Available data =>
BEGIN

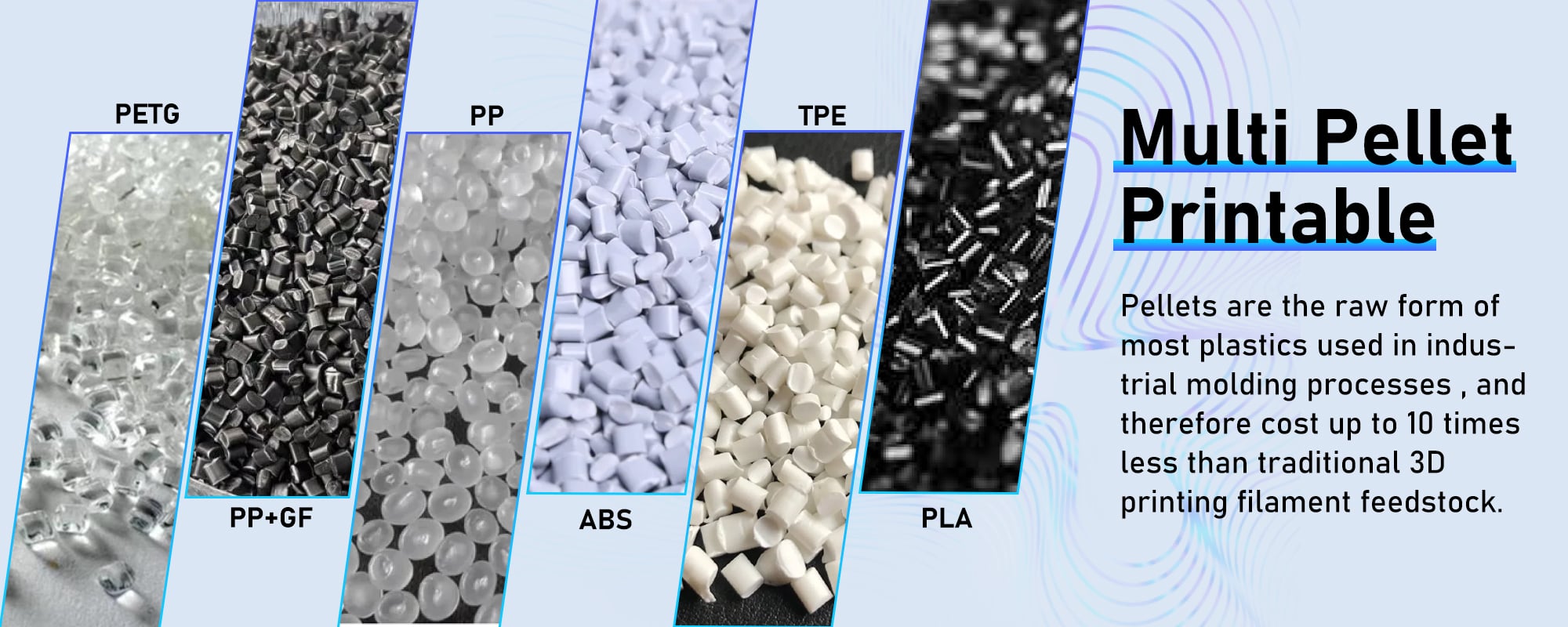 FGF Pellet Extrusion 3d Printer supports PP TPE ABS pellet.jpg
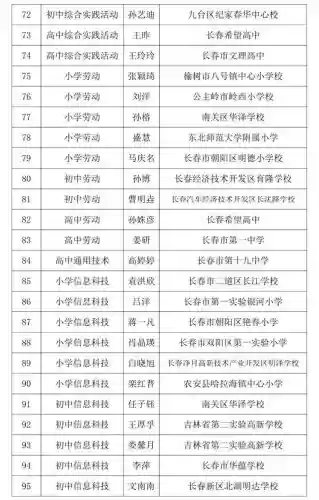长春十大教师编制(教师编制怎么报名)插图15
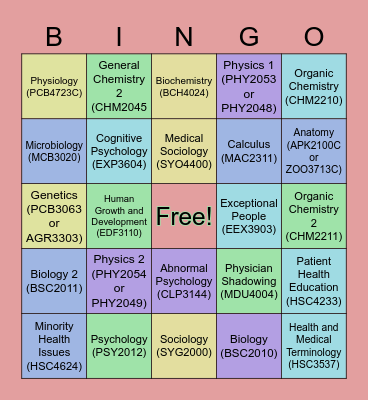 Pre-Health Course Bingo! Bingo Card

END

What to work on => Apart from the images, reproduce the listing exactly as it appears.

Your solution =>
 FGF Pellet Extrusion 3d Printer supports PP TPE ABS pellet.jpg
长春十大教师编制(教师编制怎么报名)插图15
 Pre-Health Course Bingo! Bingo Card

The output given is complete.